Granted, I really didn't know much about beer back then. I considered Miller Genuine Draft a fine beer. But I really liked this stuff. To this day, I consider Leinenkugel's my favorite American Lager. While Sam Adams might be better, this remains my standard, when I can get it where I live. I was so excited when I moved to Illinois. The first thing I did was go to Wal Mart, and sure enough, there was Leinenkugels right on the shelf.
Oh, and that bucket became where I stored all my bathroom crap during college and for a few years afterwards.
My second favorite American Lager also comes from Wisconsin. Made by Heileman's, who also brewed Old Style, is a beer that came in green bottles called Special Export. I usually would get this on tap at The Lost and Found Lounge when I became "legal". Dave Loose would serve you a liter mug if you asked for it.
I'm not going into great detail about Old Style in this post. Old Style is fine, but it's not one of my favorites. My friend, Duder, was not keen on any of the Heileman's stuff. In fact, in a discussion about a certain person from LaCrosse, Wisconsin, there was also some cross talk about Old Style and Heileman's. He declared, "I am a firm believer that anything that comes from LaCrosse sucks." We lived with that quote for some time, but never mentioned it when we had to go shopping there.

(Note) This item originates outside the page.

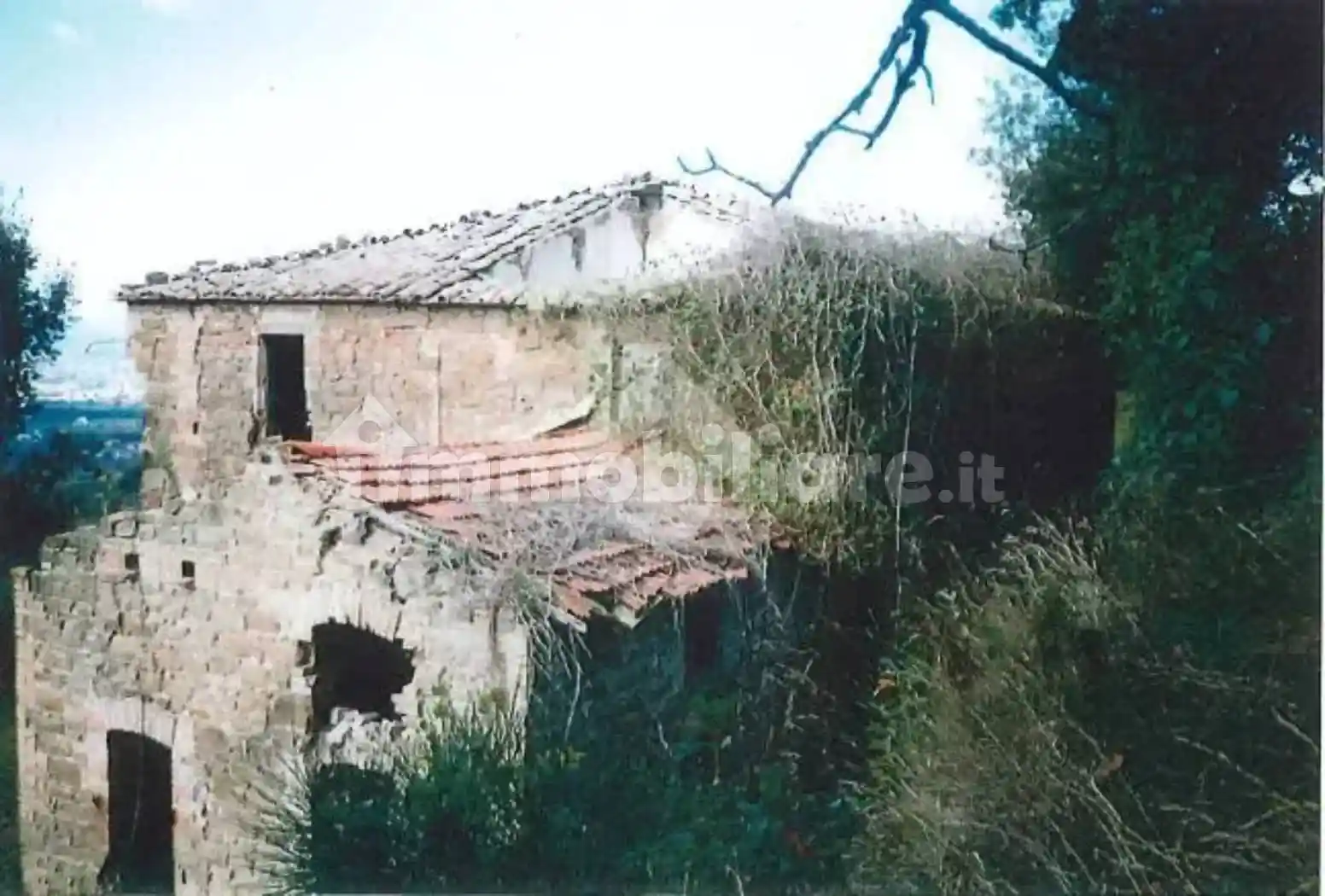 Rustico - Casale - foto 3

I discovered Blatz while interning at Speed Queen in Ripon, Wisconsin. My room mate brought home a case of it. The name wasn't too appealing to me, and besides, I could get all the Leinenkugel's I wanted living in Wisconsin, even in cans! I said, "How is that?" He said, "Pretty good for $5.99 a case." I had only heard about cases of longneck bottles of beer in Iowa for $4.99, and that was for Red, White and Blue, made in Dubuque. Everyone said it was terrible. Later, I would try RW&B and discover that while cold out of the bottle, it was a pretty decent beer. However, this had not occurred yet.
One weekend, though, when I was in the apartment alone and had not yet bought beer for the weekend, I thought, "What the hell, I'll give it a try." Halfway through the bottle, I said out loud to no one, "Hey, that's pretty good for $5.99."
I took a case of this down to Davenport for a weekend trip with Tommy Tune to visit my friend, Amy, and Tom's twin brother and my best friend, P-Mart. Amy and P-Mart were like, "I'm not drinking $5.99 beer." Then they tried it. They said, "Hey, that's pretty good for $5.99."
Point absolutely cracks me up, because nowadays, Point is a microbrew. In Wisconsin it was as cheap as Special Ex or Leinenkugel's. I saw point for $6.99 a sixer in Pensacola. This was in the late 90's. I almost bought for the sheer nostalgia, but I stopped myself. I just couldn't do it. I like the novelty of Point, but I just can't take it seriously. It's not really that good. I even bought a sampler 12-pack a couple of years ago, and wasn't all that impressed. Too bad, Steven's Point seems like a cool little Wisconsin town.